O reitor da Ufac, Josimar Ferreira, reuniu-se com os novos pró-reitores da administração superior para marcar o início da gestão do quadriênio 2026-2030 e tratar das primeiras ações e prioridades a serem tomadas na universidade. O encontro ocorreu nesta quarta-feira, 12, na Reitoria, campus-sede. A sessão solene pública de transmissão de cargo da Reitoria será realizada na sexta-feira, 21, às 17h, no Teatro Universitário.

Josimar afirmou que a eficiência na aplicação dos recursos e a austeridade estarão entre os princípios da gestão. Hoje ele também se reúne com as equipes das áreas de planejamento e administração para avaliar o orçamento disponível para execução das atividades até o fim do ano. “Esse é um princípio que adotamos desde o primeiro dia”, afirmou.

Entre as primeiras medidas anunciadas está a retomada das reuniões presenciais dos conselhos universitários. Segundo o reitor, a mudança será implementada já nesta primeira semana de gestão.

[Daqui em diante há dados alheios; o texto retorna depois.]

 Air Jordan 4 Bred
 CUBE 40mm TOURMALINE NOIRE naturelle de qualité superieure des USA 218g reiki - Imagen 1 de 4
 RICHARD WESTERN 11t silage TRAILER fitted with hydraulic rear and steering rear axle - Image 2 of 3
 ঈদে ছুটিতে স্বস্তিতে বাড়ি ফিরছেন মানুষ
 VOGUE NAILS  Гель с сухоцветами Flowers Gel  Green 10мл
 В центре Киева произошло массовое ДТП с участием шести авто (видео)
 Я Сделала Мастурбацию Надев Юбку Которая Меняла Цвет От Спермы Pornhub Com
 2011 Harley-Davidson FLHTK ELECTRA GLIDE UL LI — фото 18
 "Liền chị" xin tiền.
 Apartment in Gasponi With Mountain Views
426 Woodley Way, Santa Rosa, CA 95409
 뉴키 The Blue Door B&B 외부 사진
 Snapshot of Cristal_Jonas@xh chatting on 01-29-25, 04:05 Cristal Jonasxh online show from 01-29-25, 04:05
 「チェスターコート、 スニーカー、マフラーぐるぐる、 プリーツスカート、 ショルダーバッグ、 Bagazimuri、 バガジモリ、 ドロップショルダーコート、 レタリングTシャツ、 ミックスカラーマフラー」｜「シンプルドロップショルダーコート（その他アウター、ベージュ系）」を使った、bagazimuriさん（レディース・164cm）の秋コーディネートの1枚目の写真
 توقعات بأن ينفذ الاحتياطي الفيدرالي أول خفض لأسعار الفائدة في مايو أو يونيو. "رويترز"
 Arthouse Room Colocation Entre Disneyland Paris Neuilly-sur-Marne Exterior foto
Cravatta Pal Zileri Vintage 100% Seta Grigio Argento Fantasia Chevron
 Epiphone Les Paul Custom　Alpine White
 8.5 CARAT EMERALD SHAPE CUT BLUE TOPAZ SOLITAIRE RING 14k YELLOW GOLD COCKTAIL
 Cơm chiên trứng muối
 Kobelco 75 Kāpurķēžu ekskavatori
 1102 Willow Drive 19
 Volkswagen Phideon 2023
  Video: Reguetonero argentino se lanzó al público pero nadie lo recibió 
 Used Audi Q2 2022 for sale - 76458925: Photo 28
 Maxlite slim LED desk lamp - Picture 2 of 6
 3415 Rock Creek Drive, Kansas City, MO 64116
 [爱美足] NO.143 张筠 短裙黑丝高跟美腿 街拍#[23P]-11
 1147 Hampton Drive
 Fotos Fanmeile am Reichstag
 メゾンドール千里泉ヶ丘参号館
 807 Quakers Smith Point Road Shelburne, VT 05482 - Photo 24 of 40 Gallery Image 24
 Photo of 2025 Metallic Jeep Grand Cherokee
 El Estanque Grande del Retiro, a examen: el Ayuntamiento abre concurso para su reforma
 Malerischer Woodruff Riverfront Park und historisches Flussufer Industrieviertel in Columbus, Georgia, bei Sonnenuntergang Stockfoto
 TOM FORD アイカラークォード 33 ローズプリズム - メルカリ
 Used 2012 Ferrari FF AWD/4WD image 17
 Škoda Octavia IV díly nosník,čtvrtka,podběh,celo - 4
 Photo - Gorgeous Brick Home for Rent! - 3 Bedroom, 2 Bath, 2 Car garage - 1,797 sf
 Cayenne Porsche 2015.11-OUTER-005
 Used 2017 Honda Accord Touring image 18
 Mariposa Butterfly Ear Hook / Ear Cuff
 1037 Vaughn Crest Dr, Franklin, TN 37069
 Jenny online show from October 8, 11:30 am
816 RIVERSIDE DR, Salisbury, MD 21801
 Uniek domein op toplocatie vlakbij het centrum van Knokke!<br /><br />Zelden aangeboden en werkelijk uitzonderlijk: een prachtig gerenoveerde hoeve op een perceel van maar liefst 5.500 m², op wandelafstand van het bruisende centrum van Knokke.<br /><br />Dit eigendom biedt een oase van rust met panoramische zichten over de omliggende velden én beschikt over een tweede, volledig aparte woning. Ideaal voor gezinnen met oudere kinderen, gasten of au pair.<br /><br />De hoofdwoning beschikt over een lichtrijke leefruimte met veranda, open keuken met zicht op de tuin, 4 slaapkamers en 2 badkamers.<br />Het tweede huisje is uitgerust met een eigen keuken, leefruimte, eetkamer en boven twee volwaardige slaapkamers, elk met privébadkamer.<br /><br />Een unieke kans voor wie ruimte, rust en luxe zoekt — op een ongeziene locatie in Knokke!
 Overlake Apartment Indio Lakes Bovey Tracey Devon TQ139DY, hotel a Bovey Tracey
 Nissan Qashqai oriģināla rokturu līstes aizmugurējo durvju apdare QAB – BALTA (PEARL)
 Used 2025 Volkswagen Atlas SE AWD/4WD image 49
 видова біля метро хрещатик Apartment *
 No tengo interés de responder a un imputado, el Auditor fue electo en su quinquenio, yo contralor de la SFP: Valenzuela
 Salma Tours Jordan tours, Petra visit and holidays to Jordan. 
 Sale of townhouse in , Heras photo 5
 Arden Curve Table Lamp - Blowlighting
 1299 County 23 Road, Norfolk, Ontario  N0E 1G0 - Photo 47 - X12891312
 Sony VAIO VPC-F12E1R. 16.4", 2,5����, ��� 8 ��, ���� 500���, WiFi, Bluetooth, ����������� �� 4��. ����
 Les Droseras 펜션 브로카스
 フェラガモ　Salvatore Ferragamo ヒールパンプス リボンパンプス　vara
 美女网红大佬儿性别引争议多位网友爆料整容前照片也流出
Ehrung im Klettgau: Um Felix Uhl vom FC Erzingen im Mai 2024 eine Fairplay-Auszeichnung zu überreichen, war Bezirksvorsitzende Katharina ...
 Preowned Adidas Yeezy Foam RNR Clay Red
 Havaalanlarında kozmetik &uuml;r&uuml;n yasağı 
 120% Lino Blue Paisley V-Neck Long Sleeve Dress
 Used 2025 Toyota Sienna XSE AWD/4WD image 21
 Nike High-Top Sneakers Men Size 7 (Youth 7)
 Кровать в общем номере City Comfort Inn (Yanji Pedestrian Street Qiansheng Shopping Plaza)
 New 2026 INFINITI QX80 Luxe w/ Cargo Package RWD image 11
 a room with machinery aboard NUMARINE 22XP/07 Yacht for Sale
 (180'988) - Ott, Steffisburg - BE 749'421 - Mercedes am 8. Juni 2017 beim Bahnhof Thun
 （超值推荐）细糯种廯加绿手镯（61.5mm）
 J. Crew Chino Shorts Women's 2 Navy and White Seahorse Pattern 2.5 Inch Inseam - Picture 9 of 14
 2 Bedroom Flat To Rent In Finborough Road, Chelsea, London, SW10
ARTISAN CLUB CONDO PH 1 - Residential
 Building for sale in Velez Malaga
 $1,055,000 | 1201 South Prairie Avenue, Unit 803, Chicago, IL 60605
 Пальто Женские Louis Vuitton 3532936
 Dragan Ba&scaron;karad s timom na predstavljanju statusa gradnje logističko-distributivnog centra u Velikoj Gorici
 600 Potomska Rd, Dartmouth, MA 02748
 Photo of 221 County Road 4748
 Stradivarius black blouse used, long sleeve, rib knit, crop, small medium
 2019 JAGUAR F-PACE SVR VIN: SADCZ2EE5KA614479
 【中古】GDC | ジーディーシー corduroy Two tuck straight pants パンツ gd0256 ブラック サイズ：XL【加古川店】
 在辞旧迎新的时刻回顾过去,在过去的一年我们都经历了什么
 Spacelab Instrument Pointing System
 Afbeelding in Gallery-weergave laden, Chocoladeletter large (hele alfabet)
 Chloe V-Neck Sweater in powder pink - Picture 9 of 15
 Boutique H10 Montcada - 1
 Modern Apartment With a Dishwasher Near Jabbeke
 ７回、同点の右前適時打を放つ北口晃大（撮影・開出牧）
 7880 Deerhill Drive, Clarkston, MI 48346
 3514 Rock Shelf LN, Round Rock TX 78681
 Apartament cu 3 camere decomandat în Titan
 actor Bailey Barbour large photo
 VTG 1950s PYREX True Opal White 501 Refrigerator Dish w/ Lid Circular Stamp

Outra ação prevista é a criação de uma nova pró-reitoria, voltada a ações afirmativas, equidade, gênero e inclusão. De acordo com Josimar, a proposta é colocar essas políticas no centro da estrutura administrativa da universidade e ampliar sua atuação nas políticas acadêmicas.

A nova gestão também dará continuidade ao processo de realização do vestibular do curso de Medicina. O reitor informou que a Ufac já garantiu recursos e iniciará a fase de contratação da empresa responsável pelo certame. A previsão é que as provas sejam aplicadas nas cinco regionais do Acre, com manutenção do bônus regional.

A interiorização também está entre as prioridades apresentadas. A gestão pretende iniciar discussões sobre a ampliação da presença permanente da universidade no interior, incluindo a regional do Purus, em Sena Madureira, e a região de Tarauacá e Envira.

Josimar destacou ainda a intenção de ampliar a aproximação da Ufac com diferentes setores da sociedade. “Queremos aproximar a relação com a sociedade, com o serviço, com o comércio, com a indústria, e com isso fortalecer o nosso tripé, o ensino, a pesquisa e a extensão.”

Integram a nova administração superior a vice-reitora Almecina Balbino; a pró-reitora de Graduação, Danila Torres; o pró-reitor de Pesquisa e Pós-Graduação, Dionatas Meneguetti; o pró-reitor de Extensão e Cultura, Marco Amaro; a pró-reitora de Assuntos Estudantis, Aline Nicolli; o pró-reitor de Planejamento, Edcarlos Souza; o pró-reitor de Desenvolvimento e Gestão de Pessoas, Thiago Lima; e o pró-reitor de Administração, Tone Roca.